■ **WORK REQUIRED**:
Working from the data below, write out exactly the lines from its first through the line that contains "Relaxed woman sitting", both ends included and pictures omitted.

■ **SUPPLIED MATERIAL**:

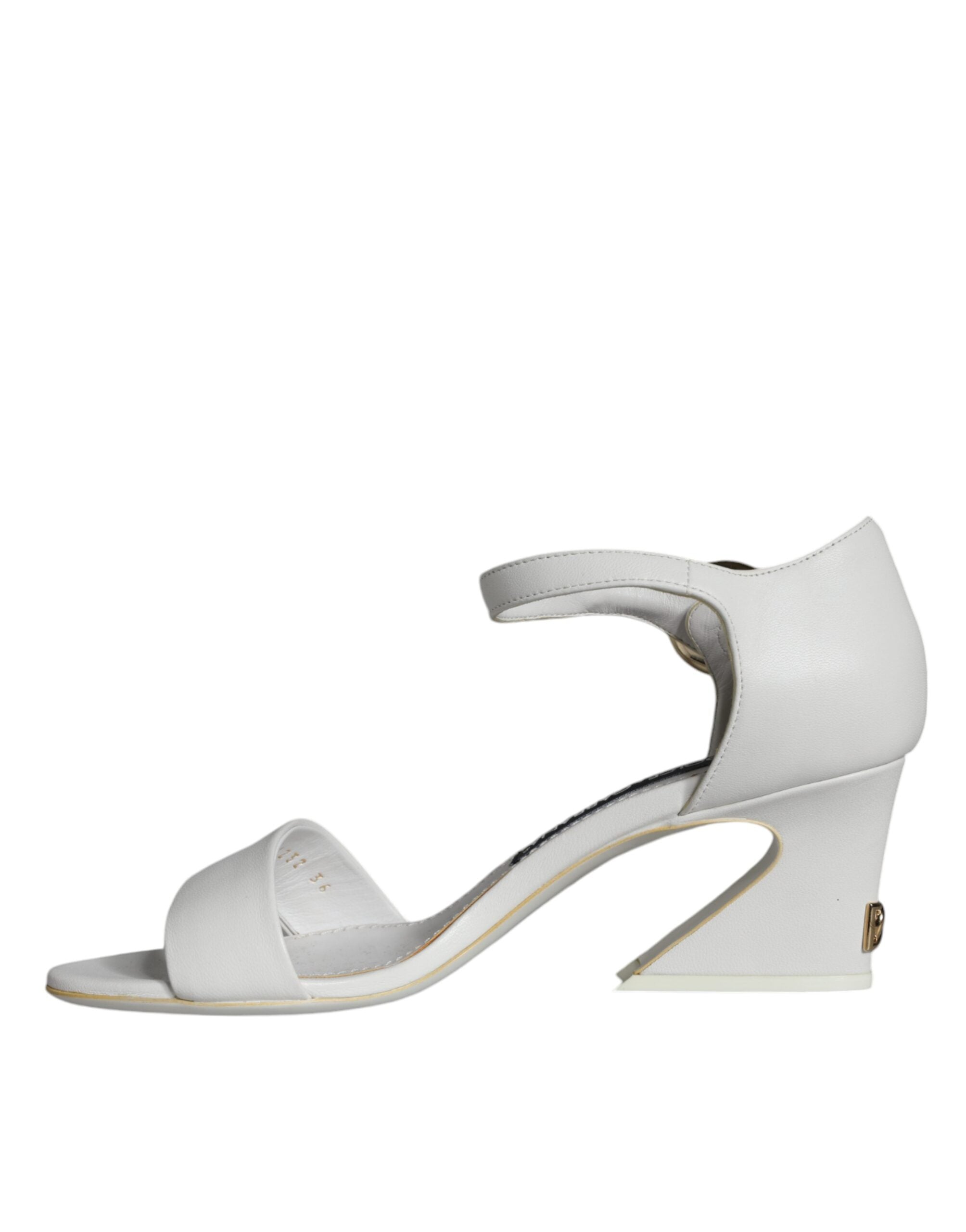 White leather Keira sandals by Dolce & Gabbana featuring sleek heels and elegant straps.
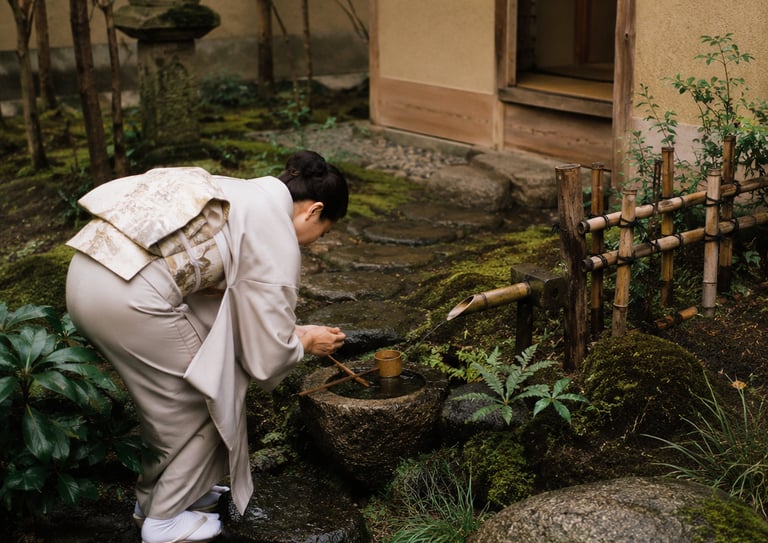 A woman in a traditional Japanese kimono performs a purification ritual at a stone water basin in a mossy garden.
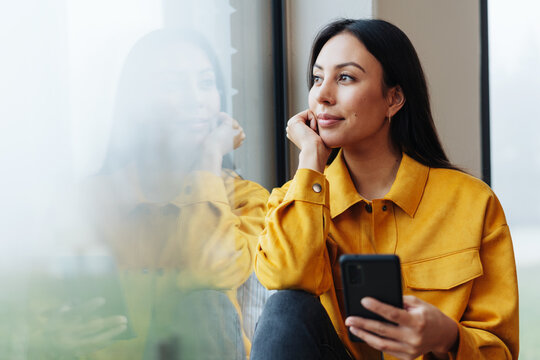Relaxed woman sitting daydreaming on a window seat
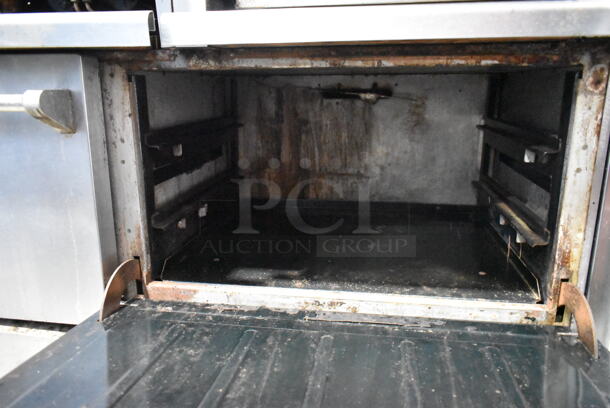 Vulcan VG260 Stainless Steel Commercial Natural Gas Powered 6 Burner Range w/ Right Side Flat Top Griddle, 2 Ovens, Over Shelf and Back Splash on Commercial Casters.   - Image 8 of 11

■ **TASK RESPONSE**:
 White leather Keira sandals by Dolce & Gabbana featuring sleek heels and elegant straps.
 A woman in a traditional Japanese kimono performs a purification ritual at a stone water basin in a mossy garden.
Relaxed woman sitting daydreaming on a window seat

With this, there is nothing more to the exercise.